Find the line below with "New Astr Women's" and the line with "台中市政府文化局於4月8、9". Output them and the lines between, exactly, but not the pictures.
*** Begin section ***
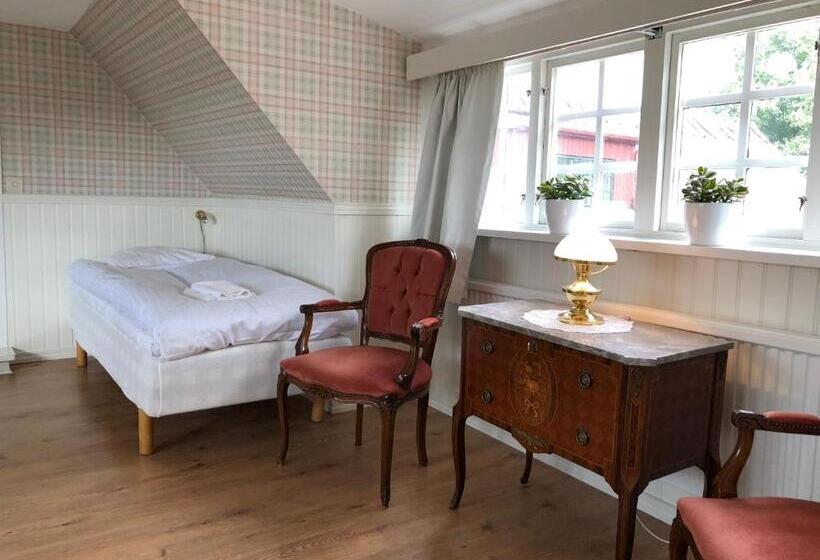 Семейный Номер, Husargårdens Bed & Breakfast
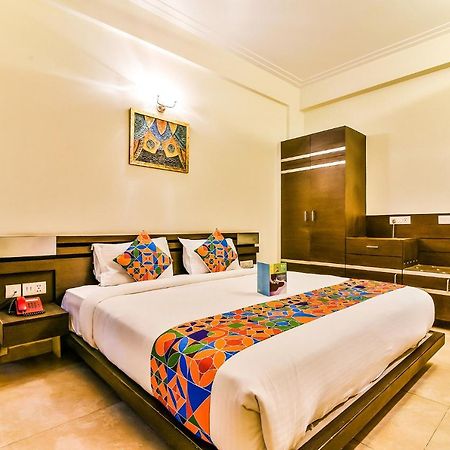 Fabhotel Oasis Dlf Phase 3 คูร์เคาน์ ภายนอก รูปภาพ
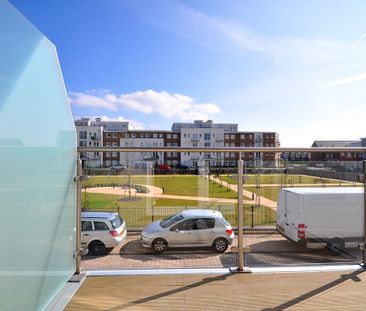 2 bedroom Flat in Kestrel Court, Maidenhead - Photo 4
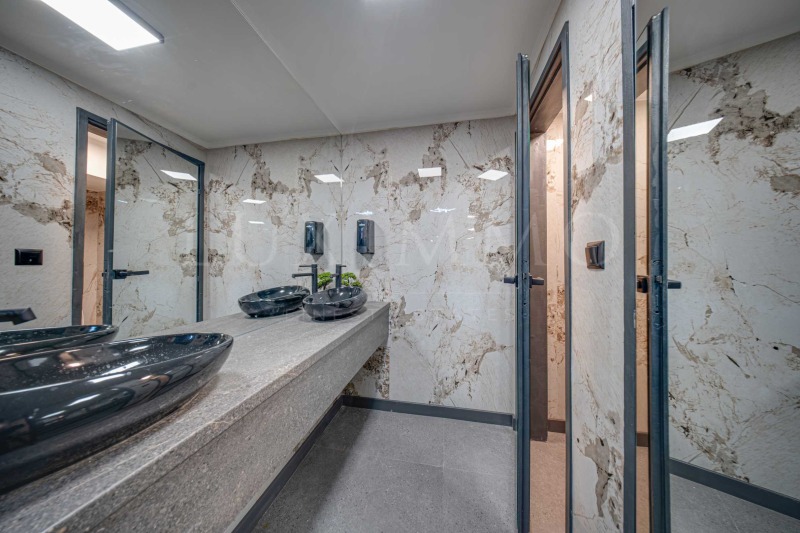 Дава под наем МНОГОСТАЕН, гр. София, Лозенец, снимка 17 - Апартаменти - 53464164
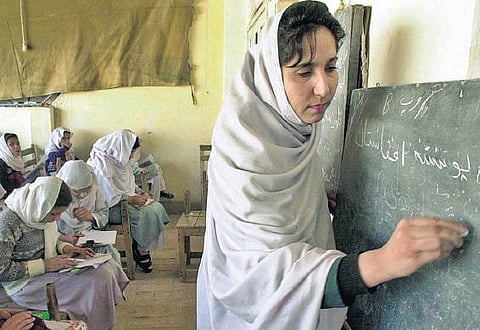 ஏற்றத்தாழ்வு மிக்க ஏட்டுக் கல்வி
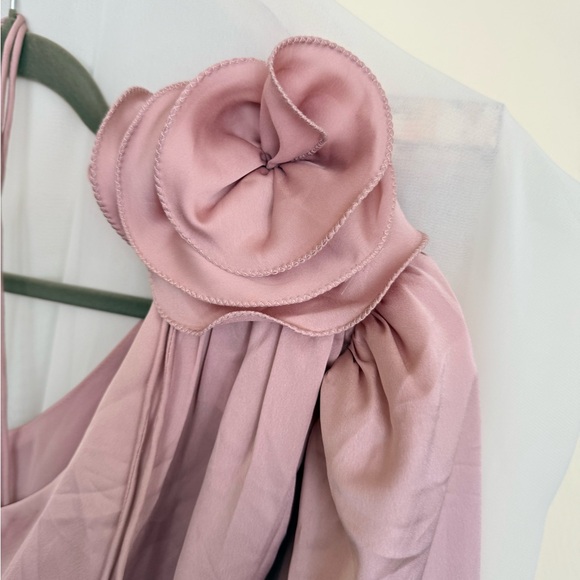 New Astr Women's One-Shoulder Blouse - Rose - Picture 7 of 8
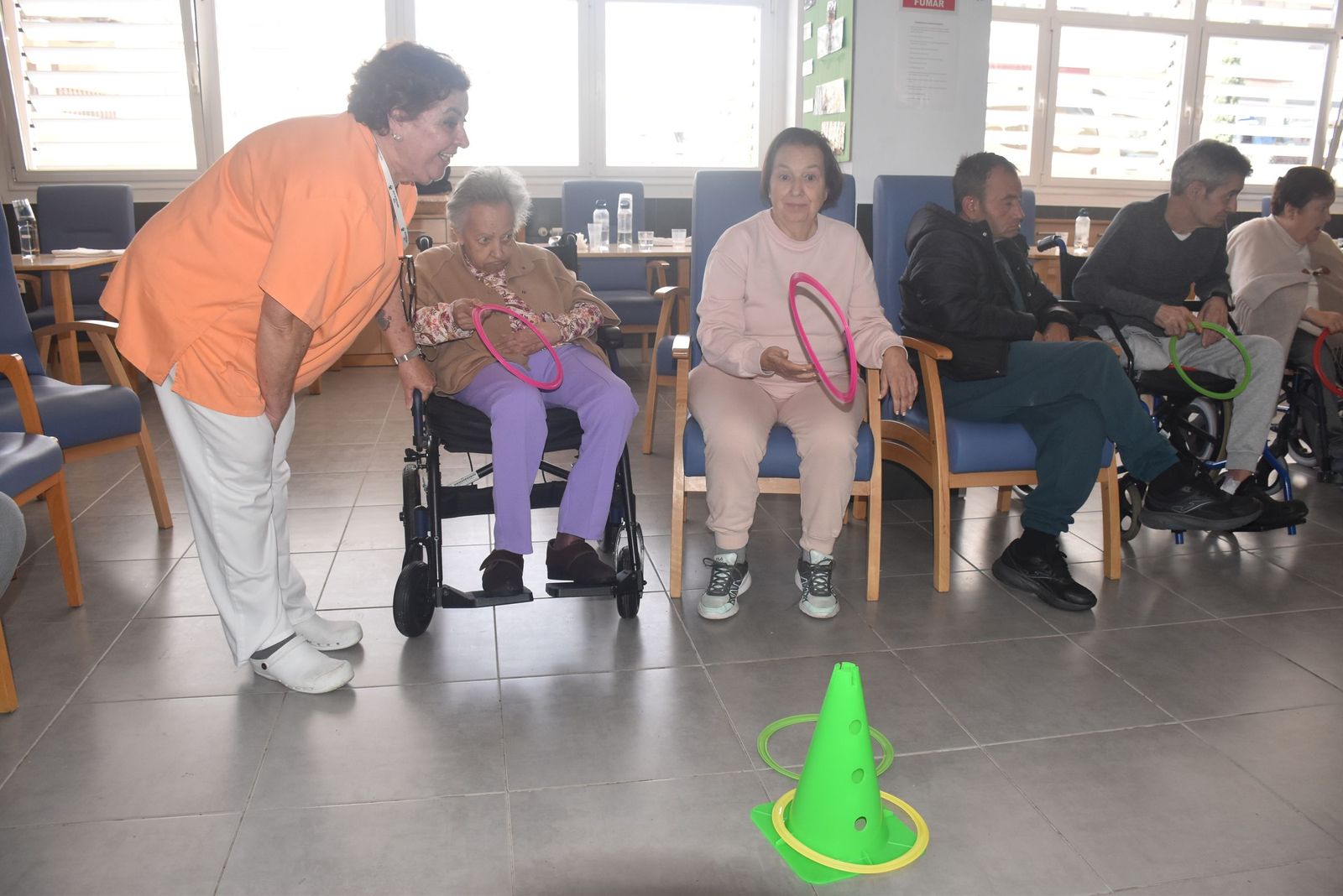 Puertas abiertas y un ambiente entrañable hacen especial una jornada en Cruz Blanca
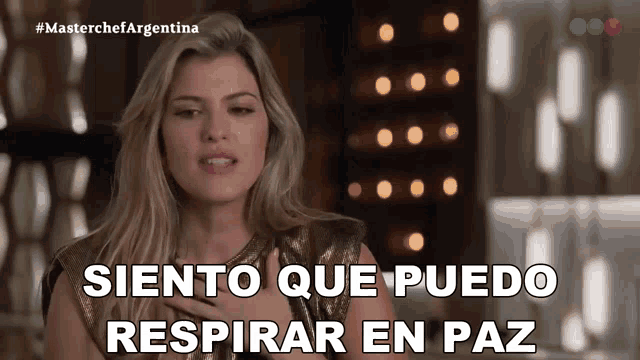 a woman says siento que puedo respirar en paz in spanish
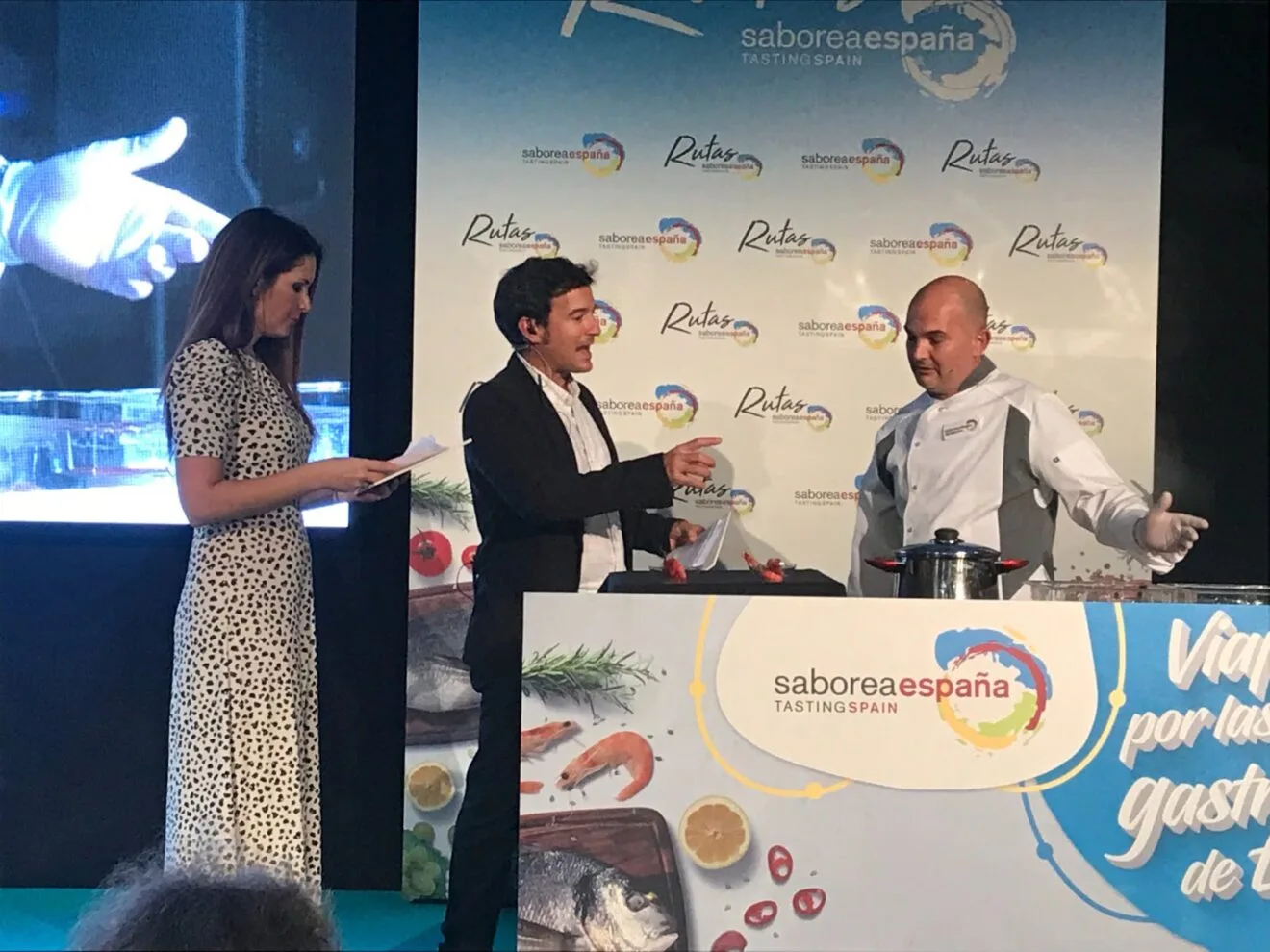 El chef, Ximo Pastor en el showcooking de la feria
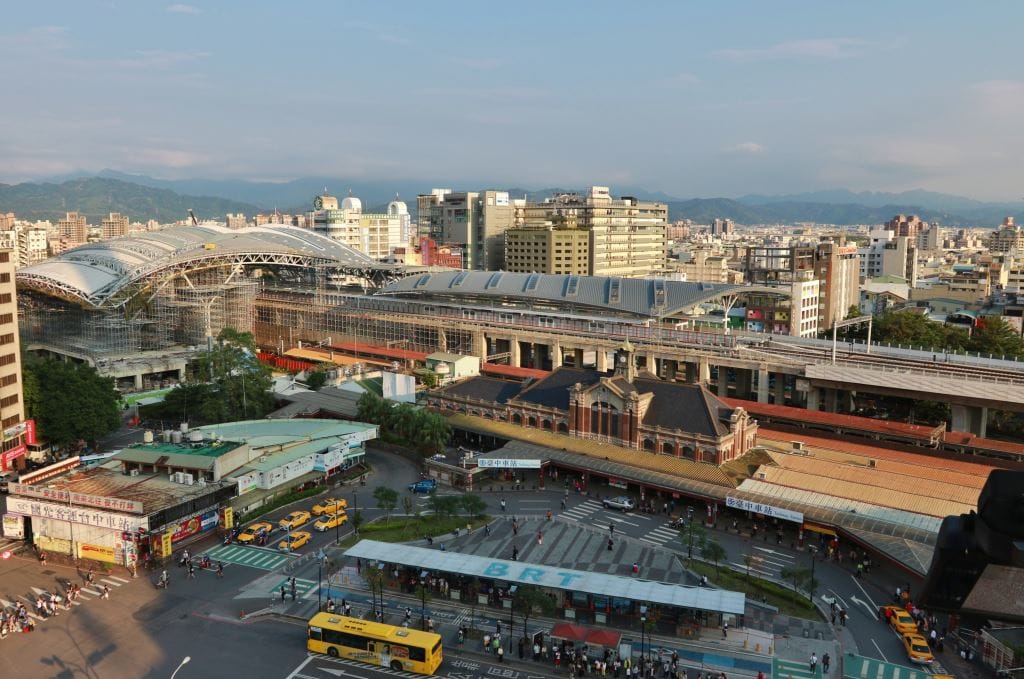 台中市政府文化局於4月8、9日「成追線」鐵道小旅行，為台中車站百年慶揭開序幕。 圖:翻攝自台中市觀旅局官網
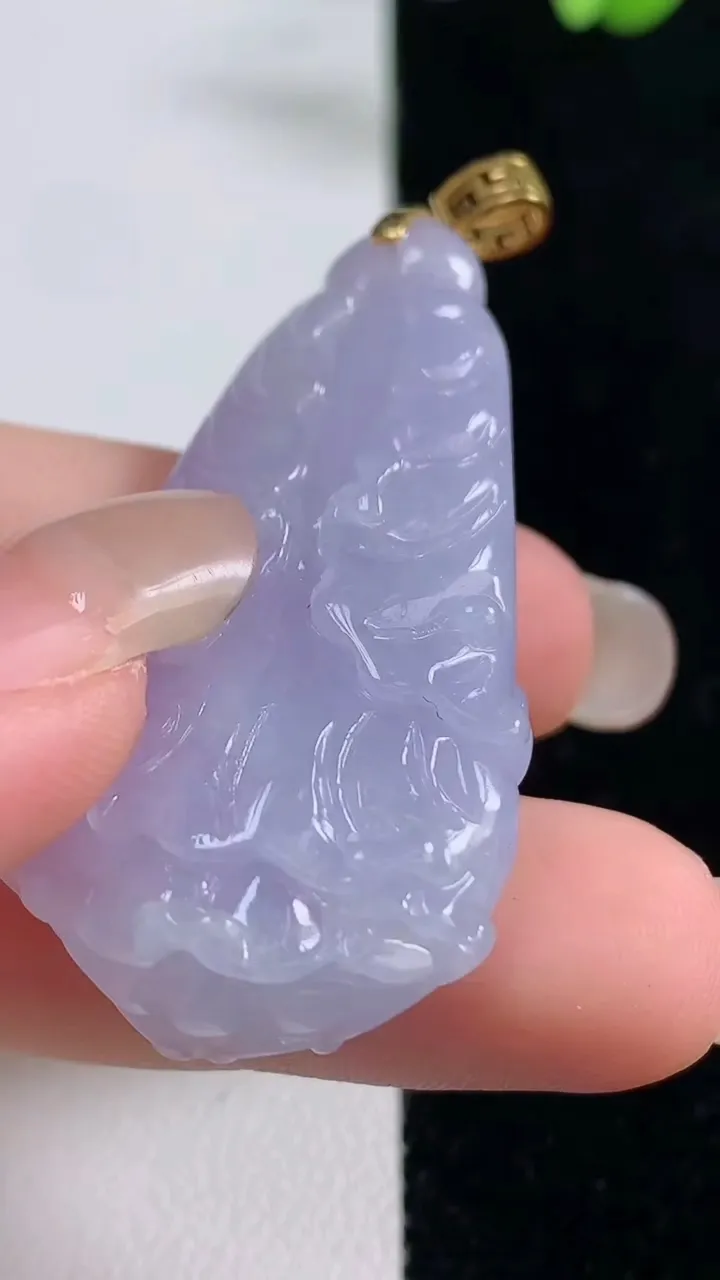 天然A货翡翠18k金紫罗兰白菜吊坠，尺寸46.3-23.6-12.2，重量:19.80g
9月13日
*** End section ***
> RESPONSE BOX:
 New Astr Women's One-Shoulder Blouse - Rose - Picture 7 of 8
 Puertas abiertas y un ambiente entrañable hacen especial una jornada en Cruz Blanca
 a woman says siento que puedo respirar en paz in spanish
 El chef, Ximo Pastor en el showcooking de la feria
 台中市政府文化局於4月8、9日「成追線」鐵道小旅行，為台中車站百年慶揭開序幕。 圖:翻攝自台中市觀旅局官網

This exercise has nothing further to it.